#5658 NORM Ship.2: Sticky Alt or Control Key

Zarro Boogs per Child bugtracker at laptop.org
Wed Jan 2 03:52:00 EST 2008


#5658: Sticky Alt or Control Key
----------------------------+-----------------------------------------------
  Reporter:  davidpfarrell  |       Owner:  wad      
      Type:  defect         |      Status:  new      
  Priority:  normal         |   Milestone:  Ship.2   
 Component:  hardware       |     Version:  Build 650
Resolution:                 |    Keywords:           
  Verified:  0              |    Blocking:           
 Blockedby:                 |  
----------------------------+-----------------------------------------------

Comment(by legutierr):

 Replying to [comment:41 joemck]:
 > It is indeed a hardware problem.  It seems that part of the frame around
 the keyboard presses down and inward on the edge of the rubber membrane.
 I took apart the bottom part of my XO, reassembled it, and the problem was
 still there.  Then I took it apart again, ran the OFW keyboard diagnostic
 with it open, messed with the edge of the frame, saw that it's what's
 causing the problem, then started putting it back together to see what
 part made it start messing up when I put it in.  I got the whole thing
 back together without any stuck keys, so I'm not entirely sure exactly
 what part was causing the problem.
 >
 > If you have stuck-key problems, I suggest pressing the thin left edge of
 the white keyboard frame outward into the green rail.

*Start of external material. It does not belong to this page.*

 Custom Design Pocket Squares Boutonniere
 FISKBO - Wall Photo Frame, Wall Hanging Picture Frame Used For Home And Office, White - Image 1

 I think it's quite possible that joemck is correct.  After having
 experiencing a temporary respite from this problem, my alt and ctrl keys
 started sticking again, as bad as or worse than before.

 Just now I ran the diagnostic, though.  Although the alt and ctrl keys
 weren't stuck when it came on, as soon as I touched them they stuck, and
 there was no way to unstick them.  I then peeled the rubber back on the
 left side, and the stuck keys *immediately* became unstuck.  Touching the
 circuit-board directly caused those keys to appear as pressed, but they
 did not stick after releasing pressure.  It seems like the rubber was
 being squeezed down by the hard-plastic encasing, causing the keys to
 stick.

 I'll take the thing apart tomorrow and put it back together, making sure
 that there is no pressure on the keyboard by the rubber.

 It seems that this kind of squeezing of the rubber by the plastic encasing
 could well explain the alt and ctrl keys sticking, as they are located at
 the edge of the board.  It also explains why jiggling the keys can cause
 them to unstick, and why near-by keys can influence the sticking behavior.
 Temperature may also affect the tensions on the materials
 (expand/contract), which could explain some of the variability.  But could
 pressure from the encasing also cause other mid-keyboard keys to stick?  I
 think I read that someone was experiencing sticking of letter keys (am I
 wrong about that? can anyone confirm that the sticking problem is with any
 but the keys at the edge?).  If it is only edge keys that are affected,
 then it may be tight screws that are causing the problem and not moisture.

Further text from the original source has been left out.